The haul included those insidious bits of paper and candy wrappers that catch in the weeds, bottles and cans, tires and rims, and one canoe with registration dating back to the 1970s that's probably been in the creek for decades, said Telly Mamayek, a spokeswoman for the Minnehaha Creek Watershed District.
For the ninth annual creek cleanup, a total of about 1,600 volunteers gathered at Lake Hiawatha Park in Minneapolis, the event headquarters, and at the Knollwood SuperTarget parking lot in St. Louis Park, starting at 8 a.m., then set out with bags for trash and bags for recycling. Volunteers also were sent to Cottageville Park in Hopkins and Creekside Park in St. Louis Park, Mamayek said.

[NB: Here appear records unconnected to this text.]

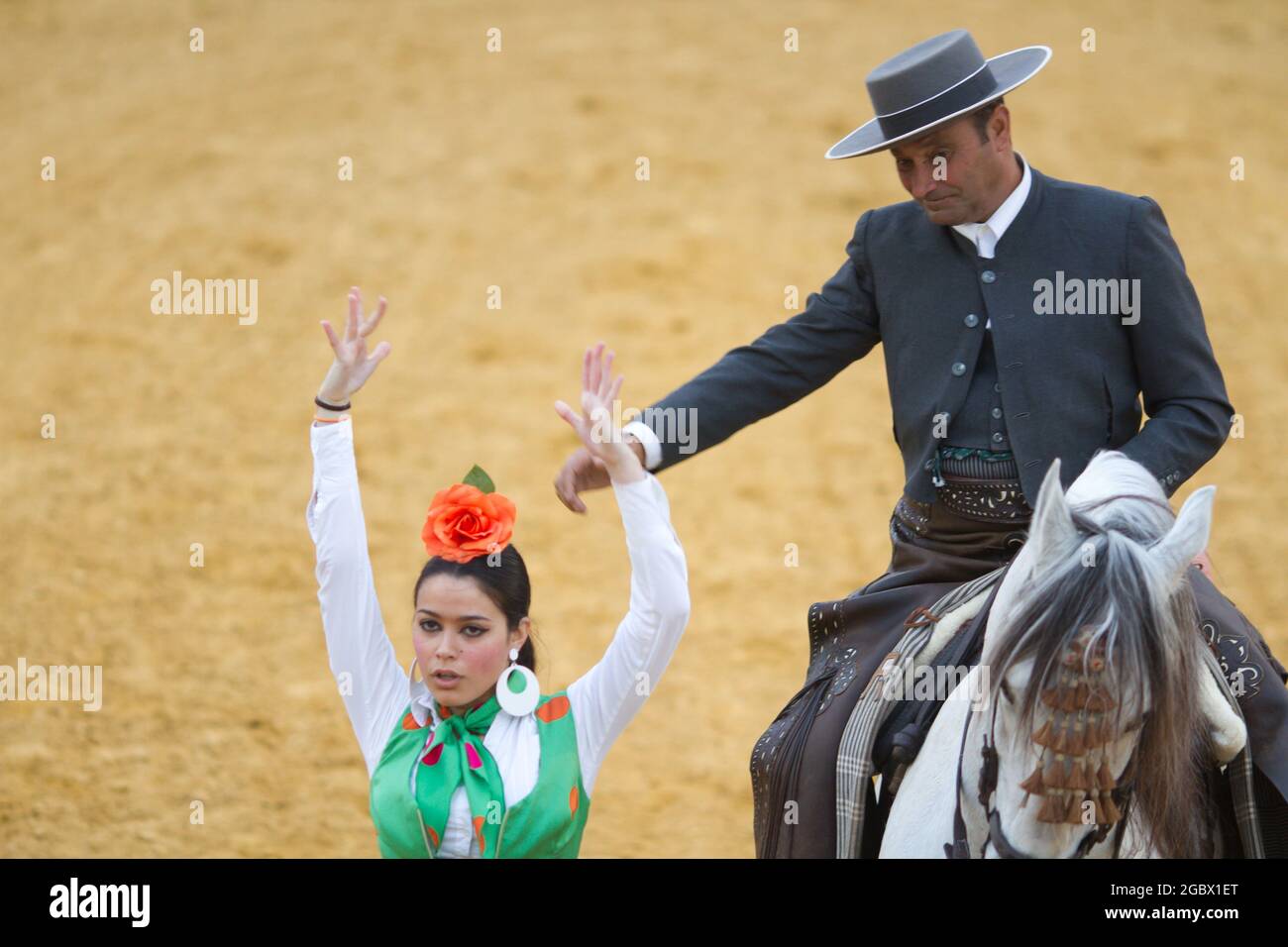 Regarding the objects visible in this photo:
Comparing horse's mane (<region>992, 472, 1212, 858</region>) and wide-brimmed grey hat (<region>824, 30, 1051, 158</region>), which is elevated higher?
wide-brimmed grey hat (<region>824, 30, 1051, 158</region>)

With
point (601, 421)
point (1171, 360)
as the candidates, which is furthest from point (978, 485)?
point (601, 421)

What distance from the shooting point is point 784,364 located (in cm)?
328

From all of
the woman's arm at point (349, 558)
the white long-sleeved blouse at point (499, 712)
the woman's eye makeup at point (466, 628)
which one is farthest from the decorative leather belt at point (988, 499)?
the woman's arm at point (349, 558)

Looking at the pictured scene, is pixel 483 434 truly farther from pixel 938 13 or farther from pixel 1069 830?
pixel 1069 830

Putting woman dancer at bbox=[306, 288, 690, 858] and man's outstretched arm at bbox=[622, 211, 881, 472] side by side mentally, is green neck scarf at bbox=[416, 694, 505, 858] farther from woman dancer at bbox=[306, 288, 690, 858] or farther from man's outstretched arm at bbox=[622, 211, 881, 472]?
man's outstretched arm at bbox=[622, 211, 881, 472]

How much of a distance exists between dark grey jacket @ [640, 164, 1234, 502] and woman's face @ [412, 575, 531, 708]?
0.53 metres

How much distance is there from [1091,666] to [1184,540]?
0.24 meters

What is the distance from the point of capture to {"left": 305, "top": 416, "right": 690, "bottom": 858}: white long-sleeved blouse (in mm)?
2752

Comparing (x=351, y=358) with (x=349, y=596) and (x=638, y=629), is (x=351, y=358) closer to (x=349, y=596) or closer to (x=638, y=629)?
(x=349, y=596)

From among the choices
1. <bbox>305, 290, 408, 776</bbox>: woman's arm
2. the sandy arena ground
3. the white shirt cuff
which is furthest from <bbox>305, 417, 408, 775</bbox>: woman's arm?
the sandy arena ground

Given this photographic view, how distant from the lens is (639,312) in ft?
30.4

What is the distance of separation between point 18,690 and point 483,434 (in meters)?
2.78

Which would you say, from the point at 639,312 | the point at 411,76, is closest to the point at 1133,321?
the point at 639,312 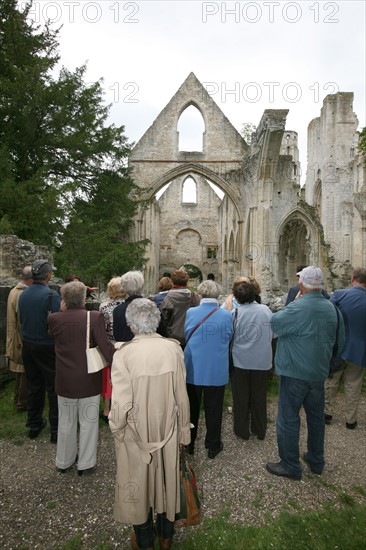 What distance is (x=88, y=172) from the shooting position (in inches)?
476

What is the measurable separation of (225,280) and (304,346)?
70.6 ft

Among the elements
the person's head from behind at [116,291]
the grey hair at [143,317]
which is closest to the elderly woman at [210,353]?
the person's head from behind at [116,291]

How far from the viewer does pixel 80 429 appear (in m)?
2.92

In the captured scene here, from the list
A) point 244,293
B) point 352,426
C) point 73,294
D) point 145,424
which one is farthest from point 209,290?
point 352,426

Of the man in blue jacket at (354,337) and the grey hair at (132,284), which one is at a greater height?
the grey hair at (132,284)

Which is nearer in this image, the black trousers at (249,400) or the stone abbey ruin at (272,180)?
the black trousers at (249,400)

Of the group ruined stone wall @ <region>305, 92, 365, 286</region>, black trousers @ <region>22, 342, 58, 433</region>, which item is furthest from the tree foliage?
ruined stone wall @ <region>305, 92, 365, 286</region>

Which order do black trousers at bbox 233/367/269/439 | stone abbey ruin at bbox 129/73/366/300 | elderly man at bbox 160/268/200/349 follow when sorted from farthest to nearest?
stone abbey ruin at bbox 129/73/366/300 → elderly man at bbox 160/268/200/349 → black trousers at bbox 233/367/269/439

The Creekside Park location was added in 2014, she said. That had been the most degraded stretch of the creek and the Watershed District has worked to restore it. Now, that stretch is called the Minnehaha Creek Preserve and expanded from 3,000 to 4,600 feet of shoreline by adding back curves that had been straightened out for development. Paved trails attract visitors to its "wilderness" feeling, Mamayek said.
Volunteers included moms and dads with their kids, grandparents and teenagers. Some were on foot, and some used donated-for-the-event paddleboards and canoes to clean trash from Lake Hiawatha.
"It is so fun to see all the families come out," Mamayek said. "They bring their children. They want to instill in their children a sense of stewardship. We incentivize the collection of those little bits of paper. … We give special prizes for the most candy wrappers collected. The kids really like that. It's a good time."
A radiator like one you'd find in an old house probably ended up in the creek because someone dumped it there, Mamayek said. The same for the tires and rims. The canoe, which had a crack in it, was probably abandoned or not pulled out of the water earlier because it was just too hard to get out.
Everything that can be recycled will be recycled, thanks to the cleanup's new vendor, 1800GOTJUNK. The canoe, too, went to a volunteer who said he could patch it and use it again. Other sponsors included Target, the Freshwater Society and Metro Blooms.
After the cleanup, volunteers were treated to a barbecue lunch donated by Leinenkugel's, a longtime sponsor of the cleanup. There was a celebration and a grand prize, decided by a game of heads or tails. The prize? A canoe — a nice, shiny, brand-new one.
"We're so fortunate to have so many dedicated people," Mamayek said. "All of the hard work our volunteers put in today. They really got in there and rolled up their sleeves and got dirty. Really dirty."